Your task >>
Your job is to give again, exactly and with no additions, the lines in the records below from the one with "Miniatura 13 de" through the one with "CUSINIUM Powdered Sugar", both included. Omit the pictures.

Material for this exercise >>
* * * *

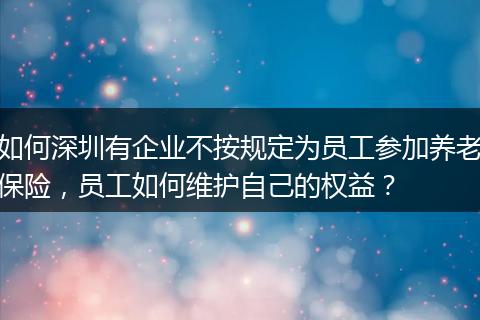 如何深圳有企业不按规定为员工参加养老保险，员工如何维护自己的权益？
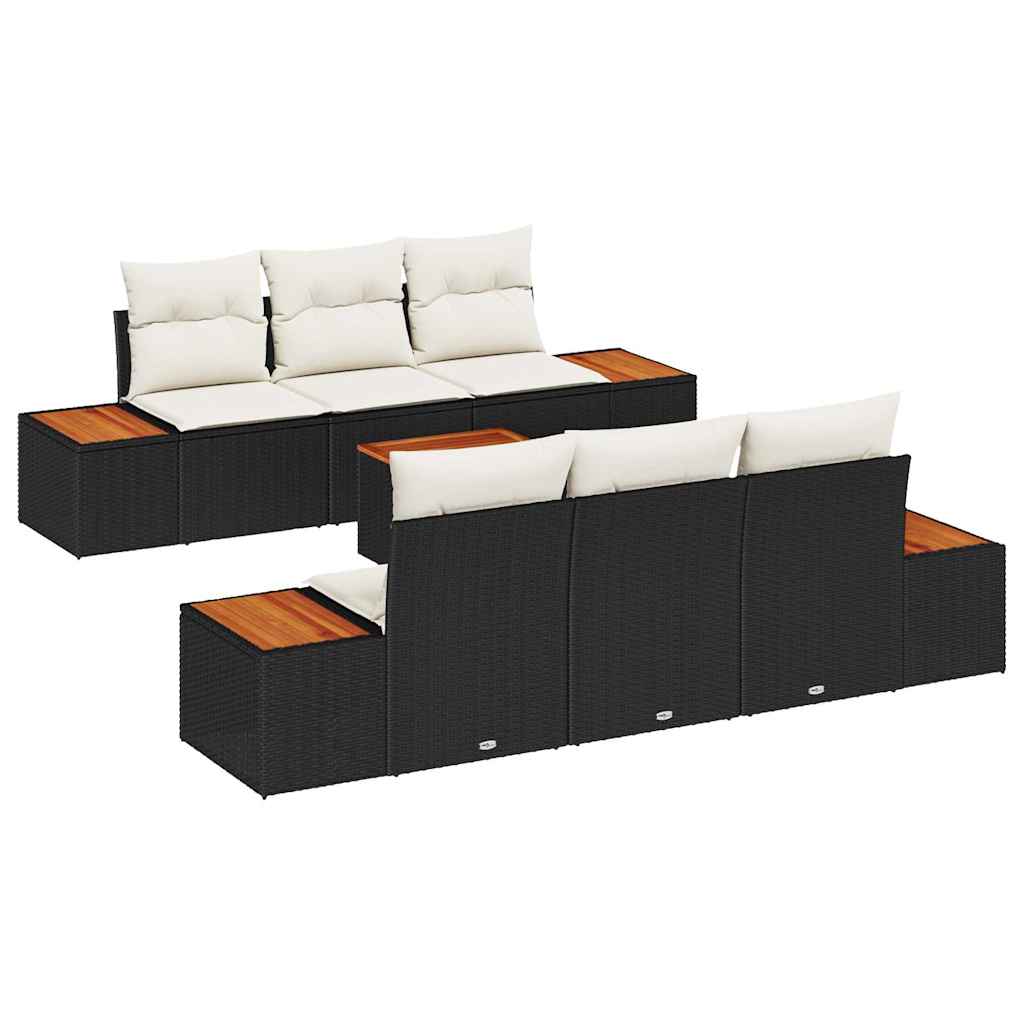 Havesofa Sæt med pude 7 pcs Sort Poly rattan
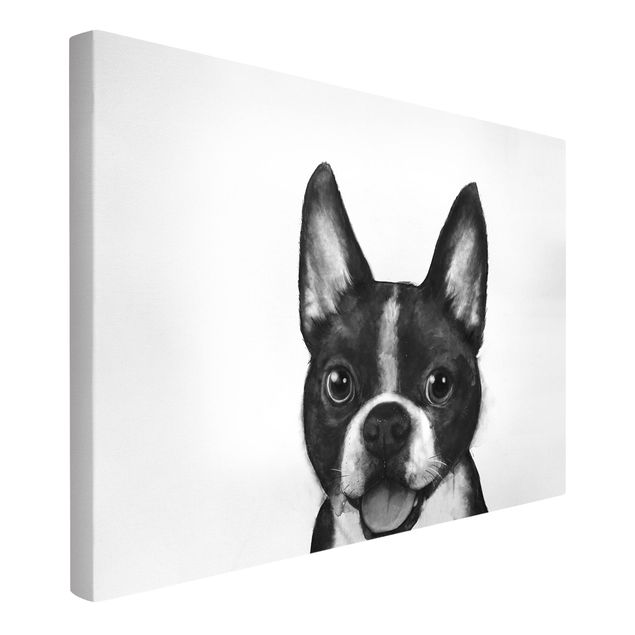 Leinwandbild Hund Illustration Hund Boston Schwarz Weiß Malerei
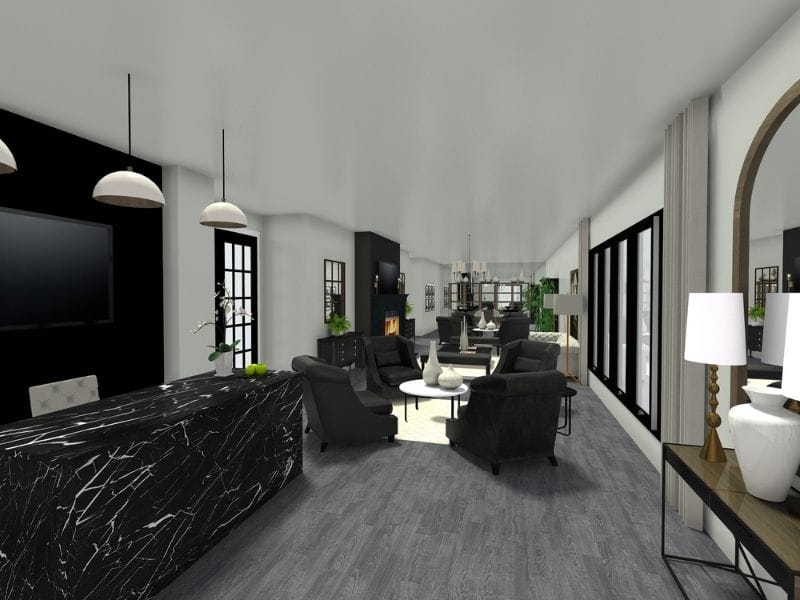 3D interior rendering of a modern reception and lounge area with black marble counters, dark armchairs, pendant lighting, and large windows.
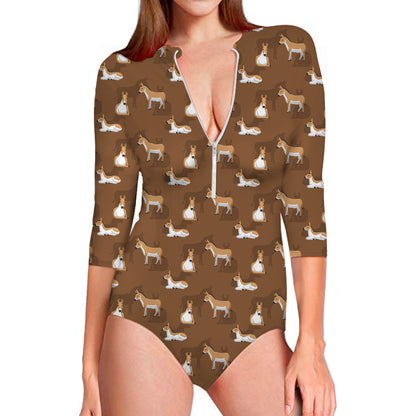 Cartoon Kulan Donkey Pattern Print Long Sleeve Swimsuit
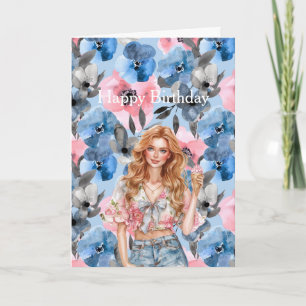 Cartão Menina de Cabelo Vermelho Sorvete Floral Azul Aniv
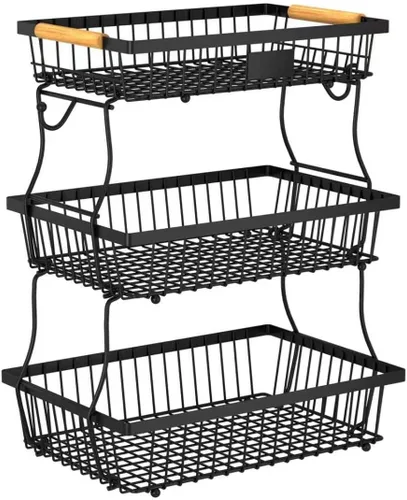 Miniatura 13 de Cesta de frutas de 2 niveles para encimera de cocina con 2 ganchos para plátanos, cesta de pan de metal para encimera con mango de madera, soporte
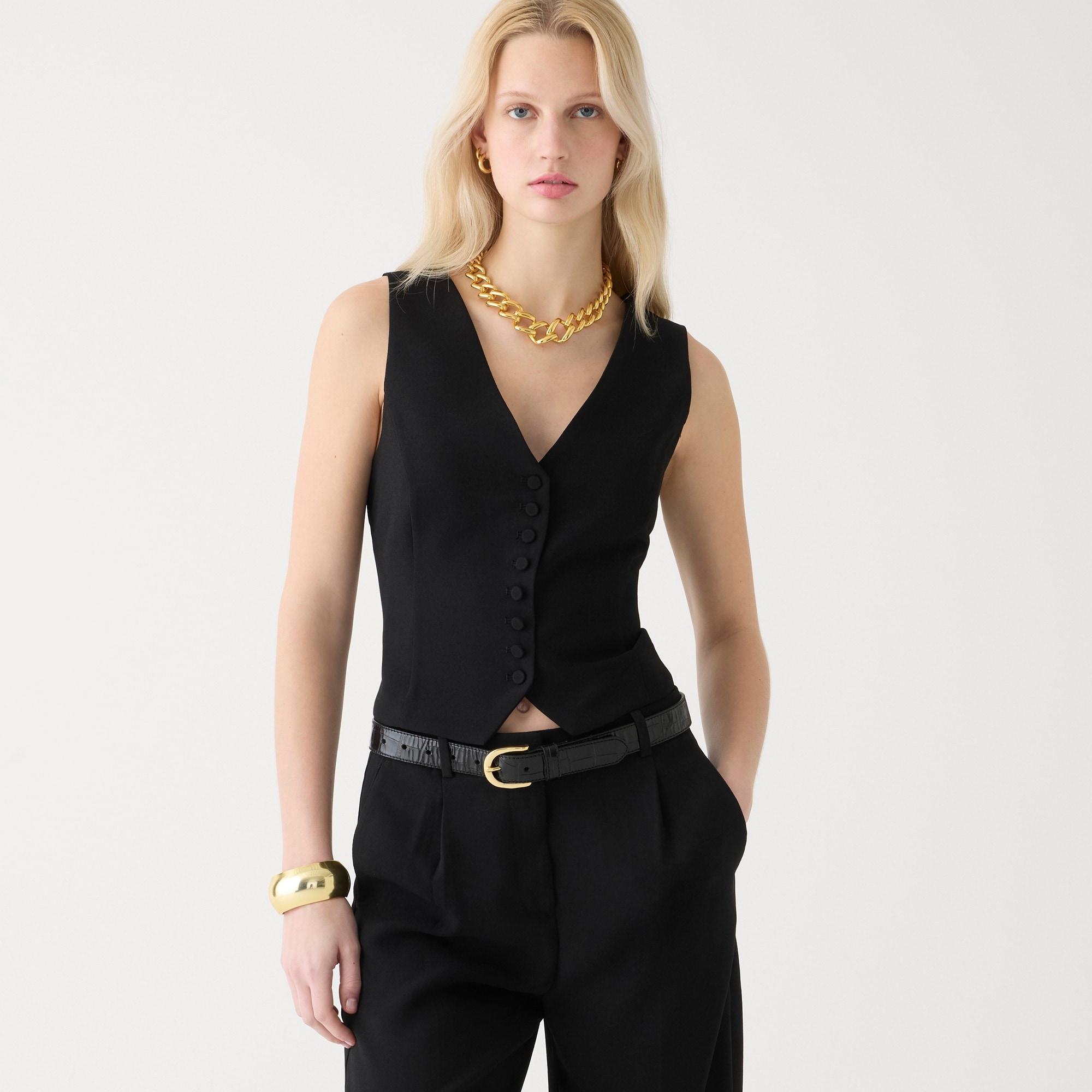 Slim-fit tuxedo vest in city crepe Product Image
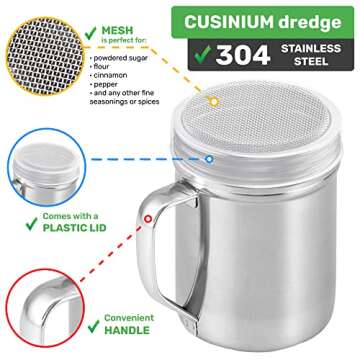 CUSINIUM Powdered Sugar Shaker Duster - With Handle - Cinnamon Shaker For Coffee Bar - Fine Mesh Dredge - 6 ounce, pack of 2 | Style: Fine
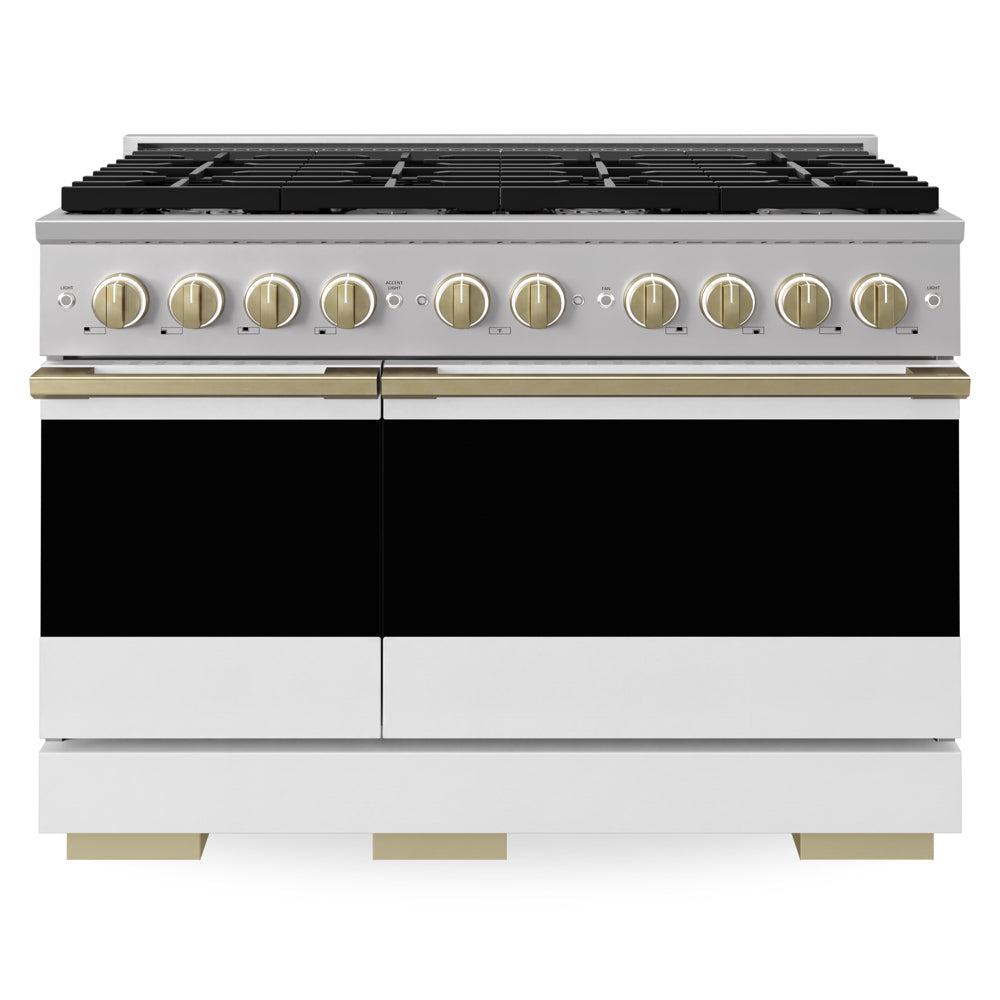ZLINE Autograph Edition Marino 48-inch range in stainless steel with white matte door and champagne bronze accents MGRZ-WM-48-CB, front view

* * * *

Task output >>
 Miniatura 13 de Cesta de frutas de 2 niveles para encimera de cocina con 2 ganchos para plátanos, cesta de pan de metal para encimera con mango de madera, soporte
 Slim-fit tuxedo vest in city crepe Product Image
 CUSINIUM Powdered Sugar Shaker Duster - With Handle - Cinnamon Shaker For Coffee Bar - Fine Mesh Dredge - 6 ounce, pack of 2 | Style: Fine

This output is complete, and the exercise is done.